Respondent's position

  1. The Tribunal at the directions hearing held on 17 March 2006 order the respondent to file a Statement of Issues, Facts and Contentions clearly identifying the environmental planning issues it says arise for consideration in review.

  2. The respondent engaged an independent town planning consultant, Mr Graham Houghton, to review the documentation and provide advice in respect to this matter.  The conclusion reached by Mr Houghton, in the report to the respondent, was that "there are no sound planning reasons why the site should not be used to its maximum capacity and the proponent be allowed to develop and operate within the environmental requirements".

  1. The matter was further presented to the respondent at its ordinary meeting of 23 March 2006 where the report from Mr Houghton and further comments from the respondent's planning officer were submitted. 

  2. The respondent subsequently informed the Tribunal that it had considered the independent report from Mr Houghton and notwithstanding the findings of the report reaffirmed its objection to the application and the reasons for refusal remained unchanged.  Therefore, this matter proceeded on the following grounds:

    •there is no demonstrated benefit to the community;

    •the respondent had given a clear commitment to the community against upgrading the Class II site to a Class III site;

    •hostility from the community to upgrade the Class II site to a Class III site; and

    •the applicant has been reluctant to allay the concerns of the community with regards to consulting directly with the community despite having previously made offers to do so and are now putting up impediments to such a process.

  3. The respondent failed to produce any evidence in support of its decision and only sought to clarify its position in respect to a few points raised in the applicant's submission.  The challenge against the evidence of Mr Robert Glenn Hutchinson, witness for the applicant and Chief Executive Officer of the J & P Group, identified small errors of fact and argued that the comparisons made by Mr Hutchinson with the Shire of Dardanup waste landfill facility were not relevant to the application or the subsequent refusal of the application by the respondent.

  4. In relation to the removal of the 10 year time limit on the planning approval issued in 1999 the respondent did not produce any evidence to support its position and only responded to the applicant's initial "Grounds for Review".  The main thrust of the respondent's argument was that the applicant's reason for requesting the removal of the time limit was premised on commercial decisions and not planning grounds.

Applicant's position

Upgrade to Class III

  1. The applicant submitted that if approval was given to permit the acceptance of Class III waste at the site, no actual change of use would be involved as:

    "(a)permission to use the site as landfill has already been allowed;

    (b)the relevant portions of the property will still be used as a landfill; and

    (c)the activities carried out at the site will be no different, when dealing with Class III waste, from those carried out when dealing with Class II waste."

  2. Mr Hutchinson in his witness statement asserted that the same process for sorting, disposing and covering waste would continue to be followed and that the acceptance of Class III waste did not entail any activities not presently carried out.

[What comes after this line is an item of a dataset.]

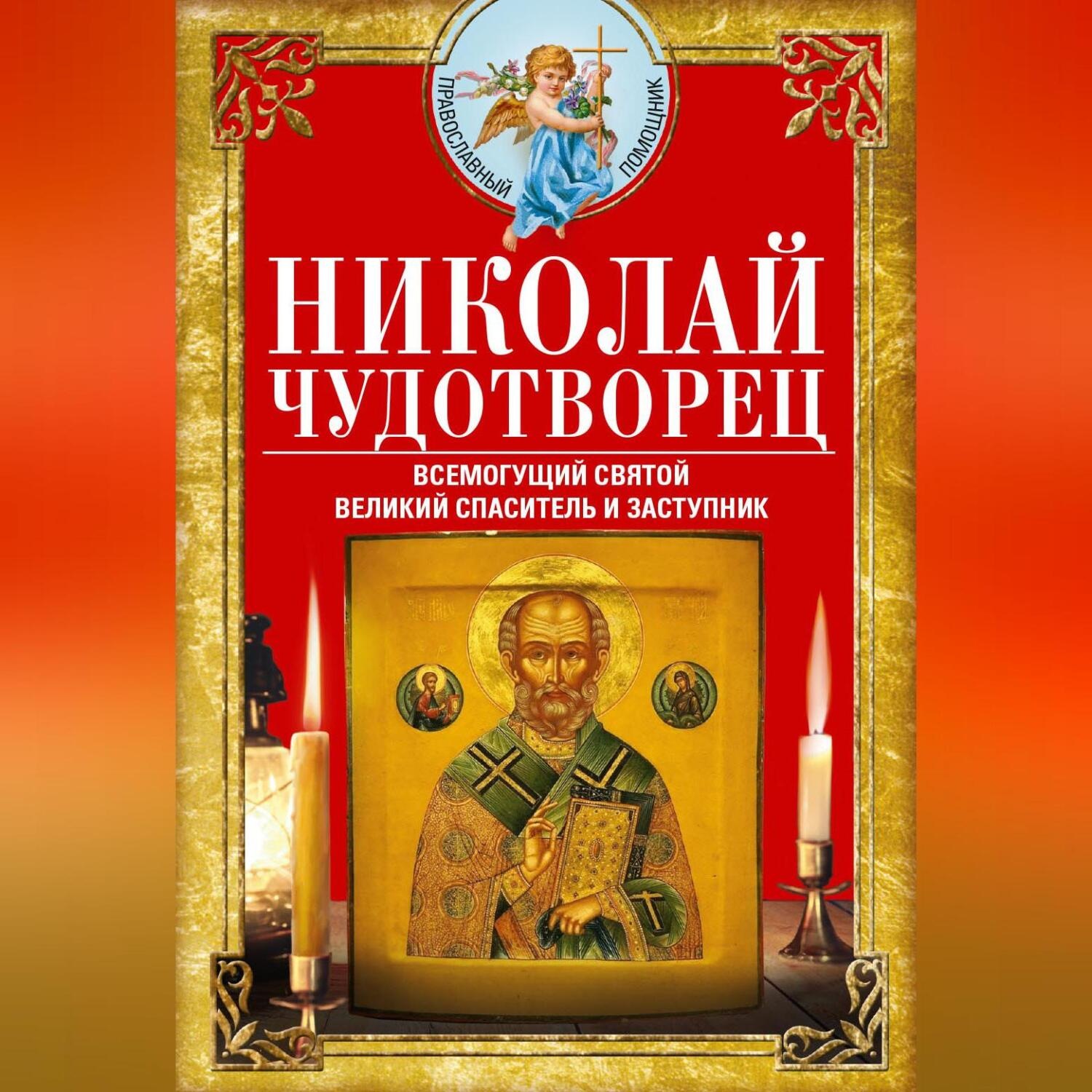 Обложка книги «Николай Чудотворец. Всемогущий святой. Великий спаситель и заступник»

  3. The applicant contended that given the above, matters relating to the suitability of the site for accepting landfill per se were largely irrelevant to the matters which can properly be taken into account.

  4. The applicant further submitted that none of the reasons for refusal were relevant planning considerations.  However, as a precaution the applicant provided the following arguments in respect to each of the reasons:

    1.Demonstrated Benefit to Community – this is not an express requirement of the Scheme or any relevant planning policy.  This assertion was accepted by the respondent in the "Statement of Issues Facts and Contentions Arising" dated 22 February 2006.

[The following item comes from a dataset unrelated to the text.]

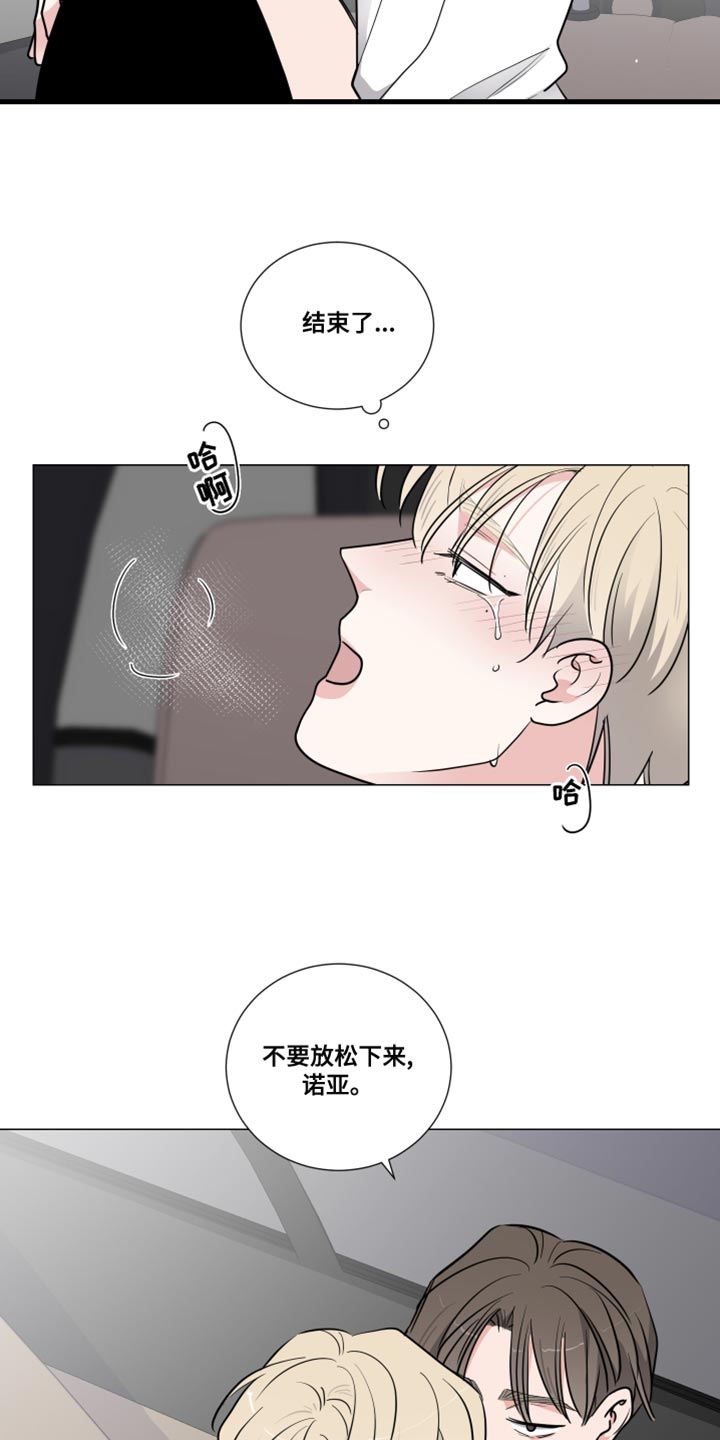继承关系的诉讼费是谁出漫画,第62章：不要放松1图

    Additionally, the applicant argued that there are no facilities presently available in the Shire that are able to accept Class III waste and there are businesses in the Shire that generate a considerable amount of Class III waste.  Approval of a Class III facility will ensure that businesses within the Shire of Dardanup are serviced locally at a reasonable cost.

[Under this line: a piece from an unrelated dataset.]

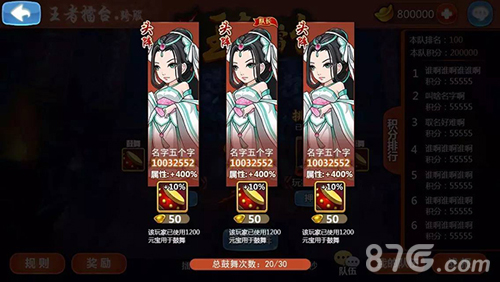 《江湖侠客令》跨服PVP组队战来袭生死擂上搞事情_游戏资讯-游民部落(gamecolg.com)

    2.Council clear commitment to the community against upgrading the site – the applicant disputes that there has been a general commitment given or any specific commitment in relation to the subject land or in respect of Class III waste.  The applicant asserted that the respondent cannot depart from its responsibility to consider relevant planning matters by giving some form of prior inconsistent commitment to the community.

    3.Community hostility against upgrade from Class II to a Class III licence – this fact does not entitle the decision‑maker to ignore proper and relevant planning principles. 

    4.The applicant has been reluctant to allay the concerns of the community by consulting directly with the community despite previously offering to do so – the applicant asserted that it had at all times remained committed to community consultation and independent auditing of the subject land and that there was nothing before the respondent that supported any finding that the applicant had been reluctant to consult directly with the community.

  5. The applicant further considered the application against the relevant matters the respondent is required to take into consideration in determining an application (cl 7.2.4).  In short, the applicant asserted that the proposal did not conflict with the Scheme and would not have any detrimental impact on the development of land within the near vicinity or have any significant impact on traffic movements or access routes to and from the subject land.

  6. Mr Hutchinson, in his witness statement, outlined the current operations of the facility and explained that the same process for sorting, disposing and covering waste would continue if the facility was upgraded to accept Class III waste.  He contended that the impact on the amenity of the surrounding area from the upgrade would be minimal.  In relation to traffic movements, Mr Hutchinson asserted that even if the number of movements to the landfill facility increased as a result of the upgrade, the number of movements would be significantly less than the original traffic movements due to the construction of the transfer station in Picton in 2004.  Mr Hutchinson produced a table which demonstrated that the vehicle movements to the landfill facility substantially decreased after the construction of the transfer station.  This evidence was not challenged by the respondent.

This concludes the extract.